Clucene is C ++ version of Lucene, which can be downloaded from clucene-a c ++ search engine http://sourceforge.net/projects/clucene/CodeAnd recent research information.
One week after reading Lucene in arction, I officially started to investigate clucene in middle July. Since the Chinese characters cannot be retrieved in the demo examples, I collected information about the Chinese word segmentation of clucene on the Internet, there are three main findings:
1. Character delimiter set problems:
Project Settings: must be set to use Unicode Character Set.
When ANSI is used, Chinese characters overlap with the encoding of other languages. When analyzing texts, it is difficult to determine whether a char is half a Chinese character, or whether the first half is half a Chinese character. At the same time, clucene supports ucs2 encoding, so the VC project is directly set to use Unicode Character Set.
The corresponding byte function is changed: \ SRC \ clucene \ util \ Misc. cpp, line 76's MISC: _ cpychartowide Function
This function is used in clucene to convert a char string to a wchar_t string. However, encoding is not considered in the original code.

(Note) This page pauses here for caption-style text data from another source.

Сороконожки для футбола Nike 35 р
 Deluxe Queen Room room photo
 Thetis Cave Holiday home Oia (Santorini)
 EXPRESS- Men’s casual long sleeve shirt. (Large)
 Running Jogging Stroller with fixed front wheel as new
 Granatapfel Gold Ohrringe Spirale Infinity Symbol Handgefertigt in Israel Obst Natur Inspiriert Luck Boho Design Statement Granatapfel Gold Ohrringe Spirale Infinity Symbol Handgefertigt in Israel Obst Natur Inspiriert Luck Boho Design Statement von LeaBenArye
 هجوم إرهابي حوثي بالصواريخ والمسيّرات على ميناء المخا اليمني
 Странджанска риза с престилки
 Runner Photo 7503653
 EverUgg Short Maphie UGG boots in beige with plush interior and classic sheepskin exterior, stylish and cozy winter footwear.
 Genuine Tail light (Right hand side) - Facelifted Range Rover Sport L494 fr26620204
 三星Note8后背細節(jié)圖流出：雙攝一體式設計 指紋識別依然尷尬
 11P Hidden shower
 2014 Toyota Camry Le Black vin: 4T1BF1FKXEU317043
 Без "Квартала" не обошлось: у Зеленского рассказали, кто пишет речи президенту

Therefore, conversion from ANSI to ucs2 is invalid, you need to modify it to the multibytetowidechar function using the Windows API.
2. Add Chinese Word Segmentation:
There are two main directions: 1), \ SRC \ clucene \ analysis \ Standard \ standardtokenizer. cpp
This class implements the most basic text splitting function, including English Word Segmentation and digital extraction. Although CJK word extraction is included, it is not perfect. Improve standardtokenizer: readcjk to process Chinese functions. 2) Add a new chinesetokenizer. CPP is used to process Chinese word segmentation. 3) Chinese Word Segmentation Method: 2. Based on the dictionary matching method, determine the appropriate method as needed. The more complicated the problem, the better.
It took me about two weeks to track the index creation and Query Process in clucene. In the end, I only changed a few lines of code to implement a simple 2-Word Segmentation Method and implement Chinese search.
Detailed URL Information:
Http://hi.baidu.com/developer_chen/blog/item/8c4c62dfc5a3a7124954039c.html
Http://hi.baidu.com/_1_1_1_1/blog/item/be1fe41f9fbf0f62f724e475.html
Http://www.cnblogs.com/sunli
NextArticleVery good. I have elaborated on the system architecture and some object hierarchies, which will help you to have a deep understanding of Lucene and recommend it to you.
Open Source code Full-text retrieval engine of javasehttp: // blog.csdn.net/heiyeshuwu/archive/2006/04/14/662805.aspx
For Chinese word segmentation, the requirements are generally relatively simple and do not need to be too complicated. You can try it at will. For large systems, after all, speed is very important.